● **EXERCISE GOAL**: Beneath this line are the data; copy exactly the part of them that opens with the line containing "Pink Platform Sandals" and closes with the line containing "ALTA LANGA DOCG", and only that part.

● **SOURCE MATERIAL**:
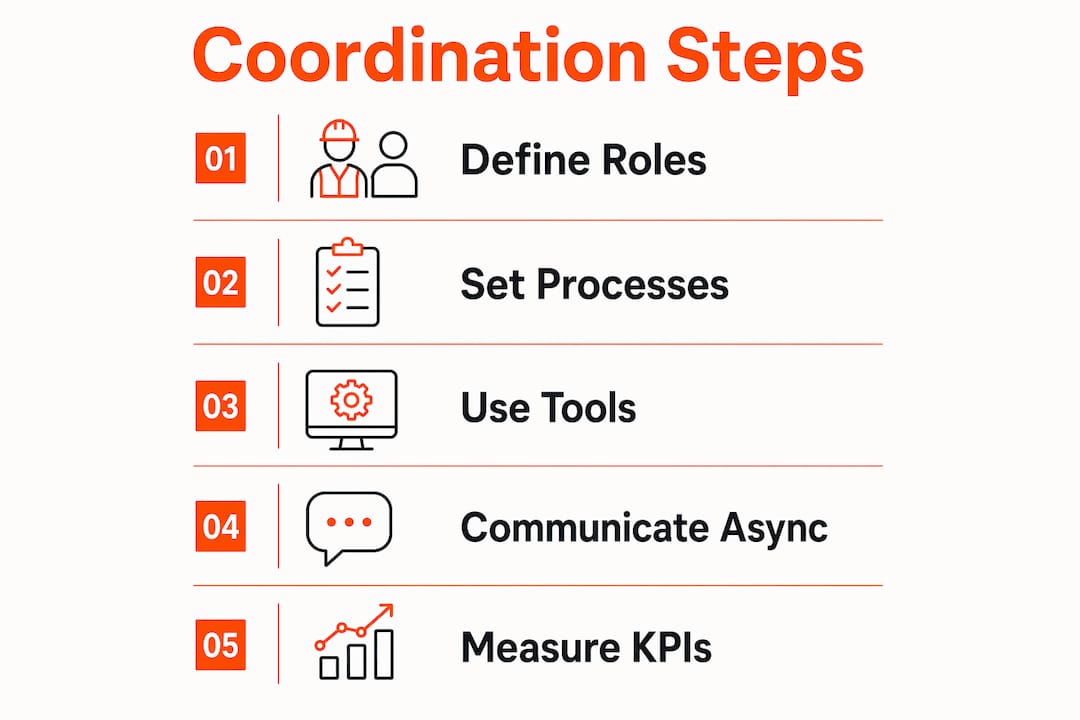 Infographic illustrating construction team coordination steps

==

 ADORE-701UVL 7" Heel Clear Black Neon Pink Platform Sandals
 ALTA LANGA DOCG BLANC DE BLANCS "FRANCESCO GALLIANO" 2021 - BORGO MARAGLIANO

---

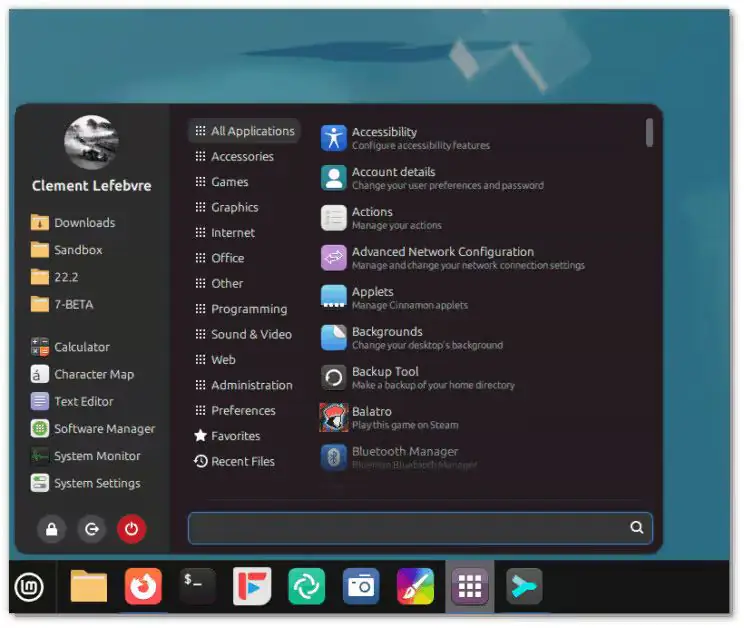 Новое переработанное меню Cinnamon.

● **WRITTEN RESPONSE**:
 ADORE-701UVL 7" Heel Clear Black Neon Pink Platform Sandals
 ALTA LANGA DOCG BLANC DE BLANCS "FRANCESCO GALLIANO" 2021 - BORGO MARAGLIANO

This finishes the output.